*Brief*:
Extract the opening line of the entries and every line after it, stopping at and including the line that contains "Greenville Triumph SC Crest Toddler T-Shirt". Do not include pictures.

*Records for this exercise*:
============================================================

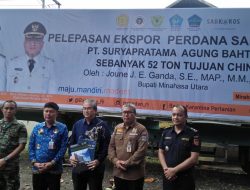 Sekda Minut Apresiasi Perusahaan Pengekspor Produk Santan ke China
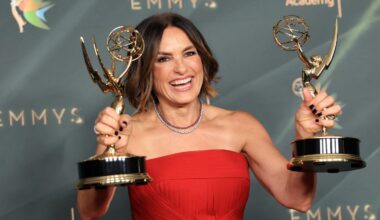 Mariska Hargitay Lands 2 Emmys for My Mom Jayne Ahead of Hosting Gig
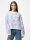Pullover Pieces PCJudie LS O-Neck Short Knit Cloud Dancer/Baby Lavender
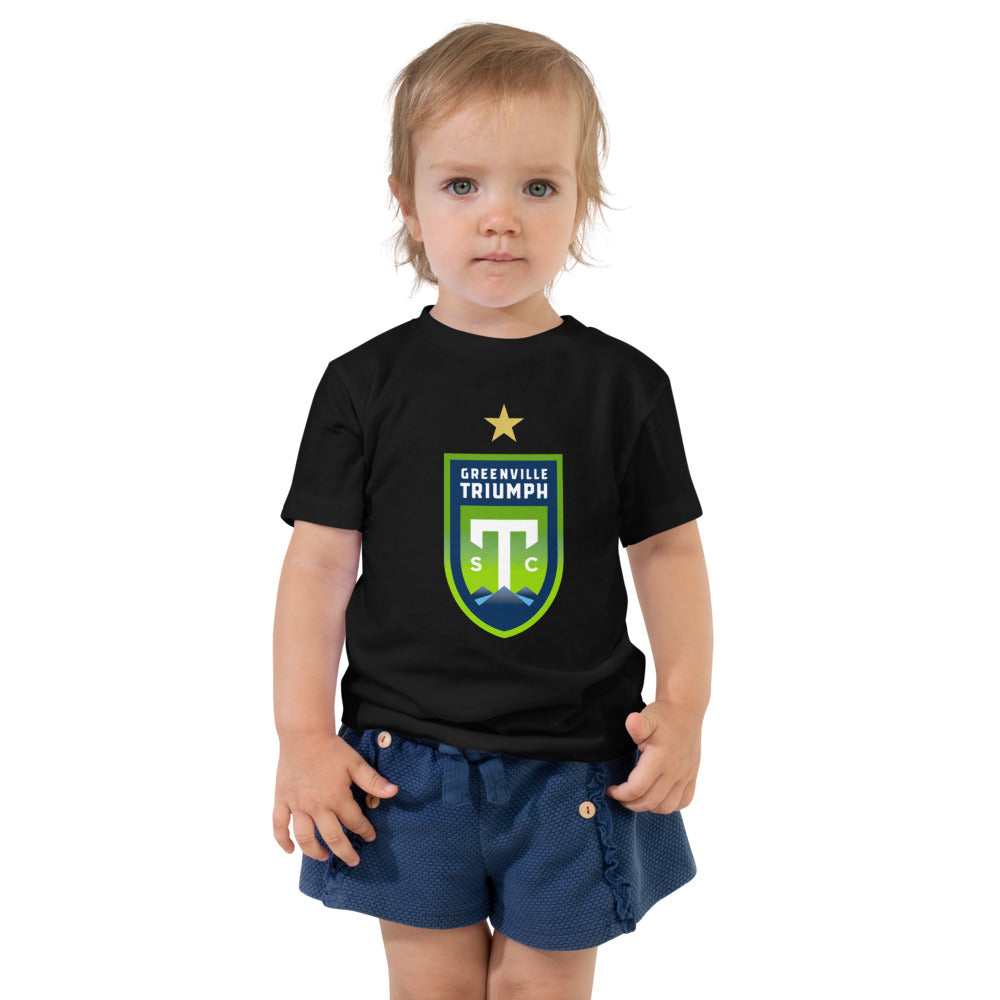 Greenville Triumph SC Crest Toddler T-Shirt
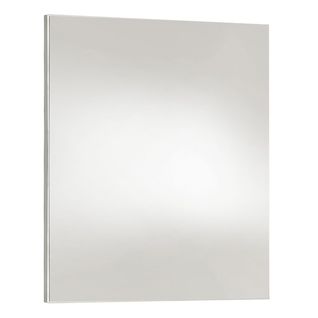 Miroir Rectangulaire 100x70cm - Izia Blanche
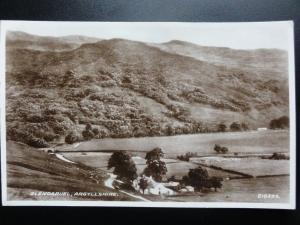 Scotland: Glendaruel, Argyllshire RP c1930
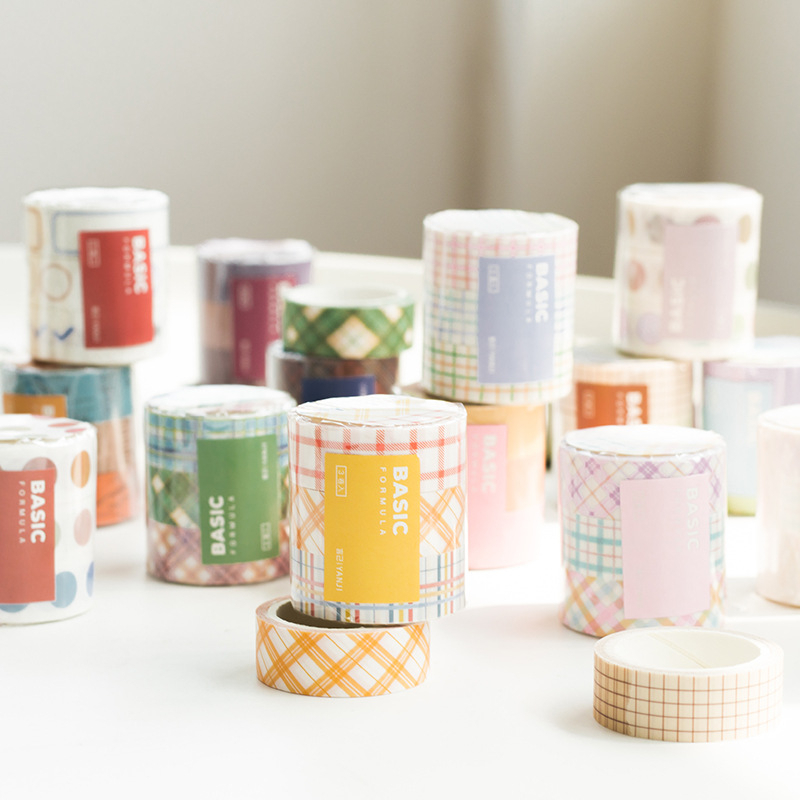 

Washi Tape Roll isi 3 15mmx3m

============================================================

*Result for this task*:
 Sekda Minut Apresiasi Perusahaan Pengekspor Produk Santan ke China
 Mariska Hargitay Lands 2 Emmys for My Mom Jayne Ahead of Hosting Gig
Pullover Pieces PCJudie LS O-Neck Short Knit Cloud Dancer/Baby Lavender
 Greenville Triumph SC Crest Toddler T-Shirt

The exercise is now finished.